Your reply should hold every entry below exactly as written and none of the pictures.

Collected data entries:
• • •

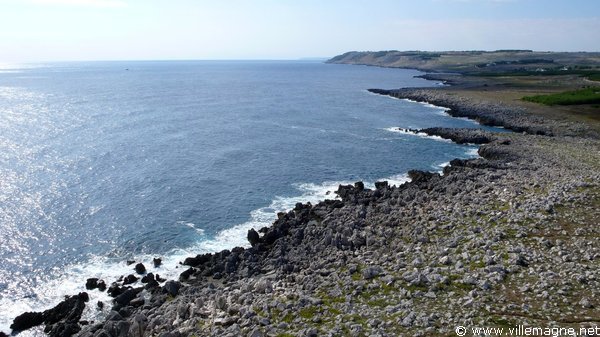 La côte adriatique entre Otrante et Santa Cesarea La côte adriatique entre Otrante et Santa Cesarea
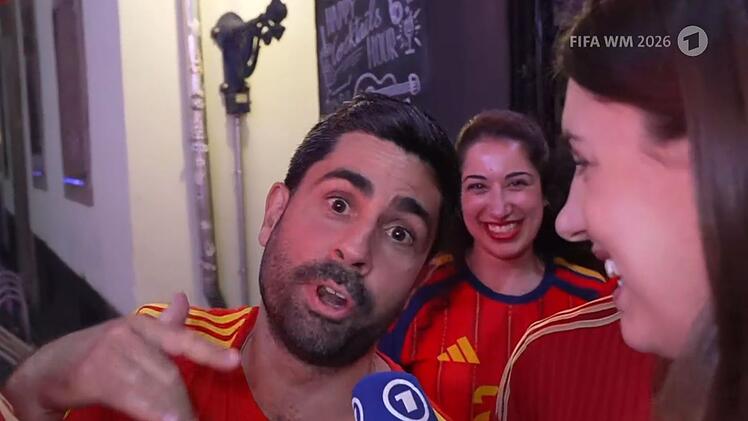 Ein Spanien-Fan dr&auml;ngt sich bei der ARD-Schalte in K&ouml;ln in den Vordergrund.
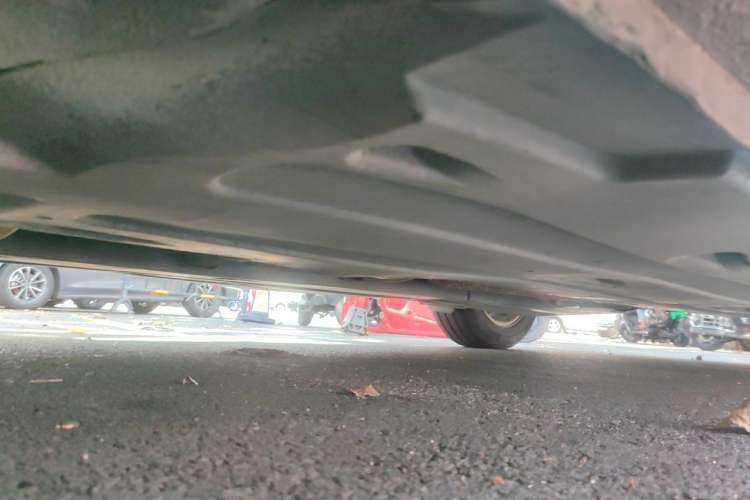 Used Hyundai Mistra 2014 1.8L Automatic Smart GLS Chassis Front Left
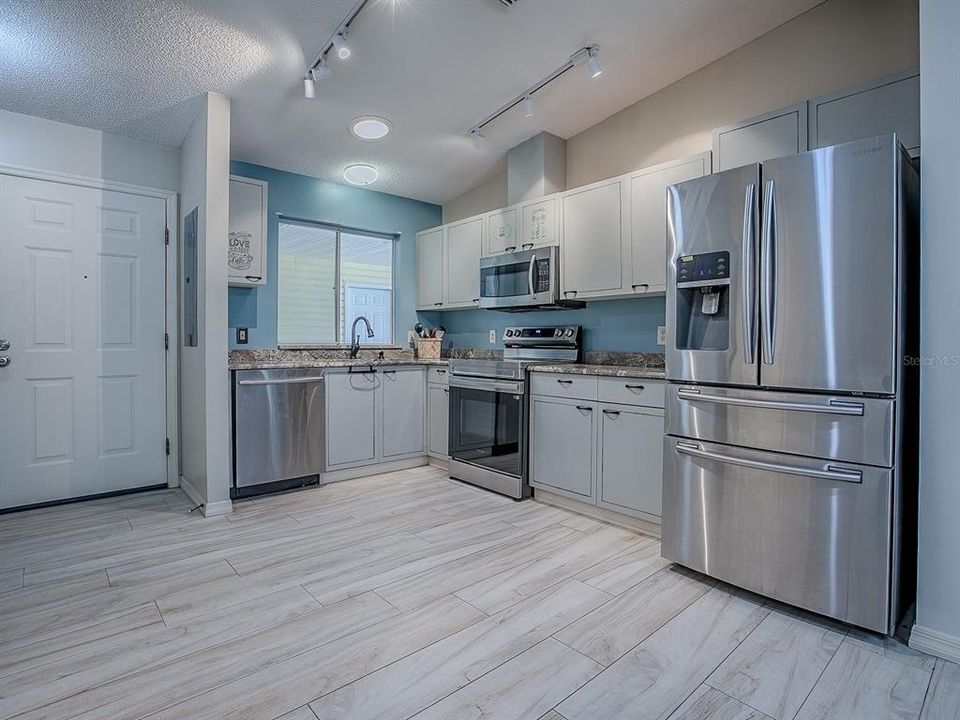 待售: $329,900 (2 贝兹, 2 浴室, 1332 平方英尺)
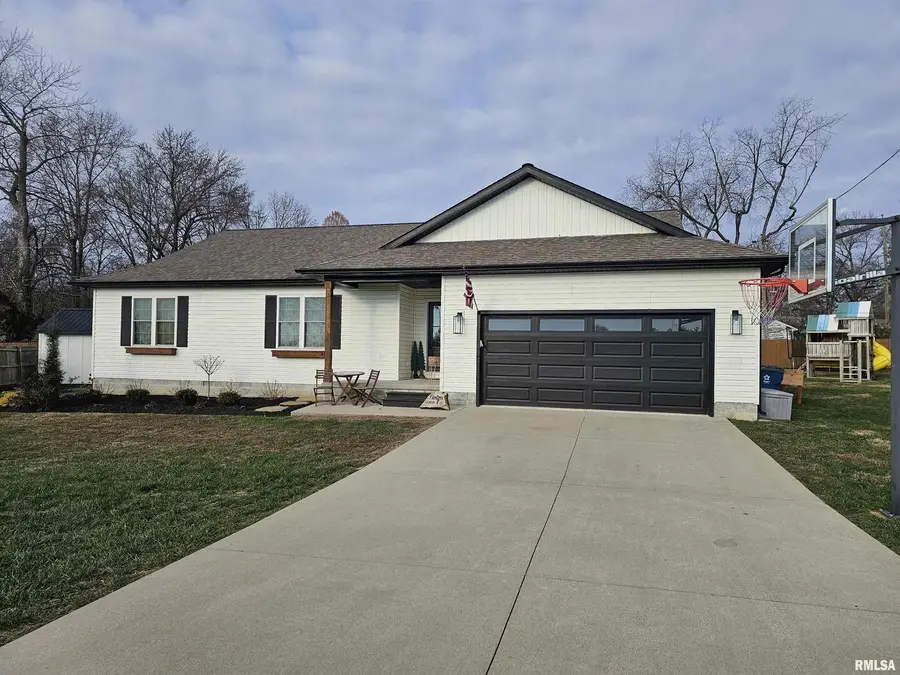 413 W Beacon Court, Mount Vernon, IL 62864 - Image #2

• • •

EXERCISE ANSWER =>
 La côte adriatique entre Otrante et Santa Cesarea La côte adriatique entre Otrante et Santa Cesarea
 Ein Spanien-Fan dr&auml;ngt sich bei der ARD-Schalte in K&ouml;ln in den Vordergrund.
 Used Hyundai Mistra 2014 1.8L Automatic Smart GLS Chassis Front Left
 待售: $329,900 (2 贝兹, 2 浴室, 1332 平方英尺)
 413 W Beacon Court, Mount Vernon, IL 62864 - Image #2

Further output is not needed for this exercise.